Reicher Tschetschene und Schweizer Fußball: Ohne Moos jede Menge los

Der Schwiegersohn des letzten KPdSU-Chefs Tschetscheniens wollte mit Xamax Neuchâtel in Europas Spitze vorstoßen. Nun wollen die Schweizer den Oligarchen schnell loswerden.

Nase zu und durch: Bulat Tschagajew, Tschetschene und Klubbesitzer. Bild: reuters

NEUCHATEL taz | Armes Neuchâtel. Während die Anzeigenblätter mit der landesweit höchsten Scheidungsquote (60 Prozent) aufmachen, will Bulat Tschagajew einfach nicht von seinem Erstligaverein Xamax lassen. Dabei geben die Schweizer dem tschetschenischen Mehrheitsaktionär inzwischen deutliche Zeichen, dass es reicht.

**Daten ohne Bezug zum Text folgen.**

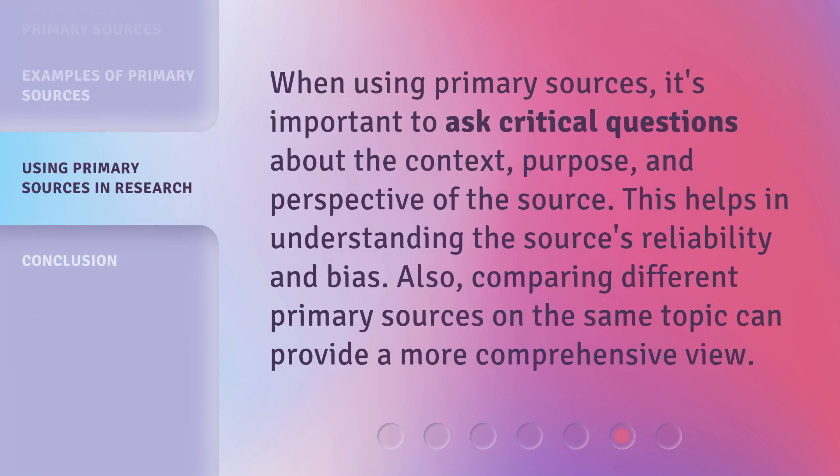When using primary sources, it's important to ask critical questions about the context, purpose, and perspective of the source. This helps in understanding the source's reliability and bias. Also, comparing different primary sources on the same topic can provide a more comprehensive view.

Das kleine Neuchâtel will lieber ein schrecklich schnelles Ende der einstigen Liebesaffäre als weitere Horrornachrichten. Denn inzwischen steht der vermeintliche Milliardär und Schwiegersohn des letzten KPdSU-Chefs Tschetscheniens unter dem Verdacht der Urkundenfälschung. Außerdem ist von verbotenen Doppelverträgen mit Spielern die Rede, und wegen Geldwäscheverdachts verweigern die Schweizer Banken dem Genfer Geschäftsmann sein Konto.

Und dabei hatte im Frühjahr 2011 alles so vielversprechend begonnen. 69,5 Prozent der Xamax-Aktien übernahm der Oligarch im Mai, und nach dem Abtritt des vorherigen Eigentümers Sylvio Bernasconi schien dem 99-jährigen Traditionsverein endlich das große Geld zu winken und damit der Zugang zu Spielerstars, Glamour und Champions League. Immerhin hatte Tschagajew, als er noch Sponsor von Terek Grosny war, zusammen mit Tschetscheniens Machthaber Ramsan Kadyrow Ruud Gullit als Trainer für den Hauptstadtverein verpflichtet.

Vielleicht deshalb schaute man bei der Swiss Football League nicht so genau hin: Als die Lizenz zur Schweizer Erstligateilnahme 2011/12 an Tschagajew überging, ließ man sich nicht noch einmal Garantien vorlegen. "Ein Fehler", sagt Liga-Sprecher Philippe Guggisberg heute: Inzwischen habe man diese Rechtslücke im Schweizer Profifußball geschlossen.

Entlassungen in der Kabine

Denn heute verunsichert die Schweizer nicht nur, dass Tschagajew zur Halbzeitpause gern mal mit seinen Bodyguards in die Umkleidekabine braust, um Trainer und Spieler zu entlassen. Auch die gesamte Stadionverwaltung sei vom neuen Vereinsmachthaber "brutalstmöglich" vor die Tür gesetzt worden, klagt Françoise Jeanneret, Kultur-, Sport- und Tourismus-Direktorin des stolzen Städtchens Neuchâtel.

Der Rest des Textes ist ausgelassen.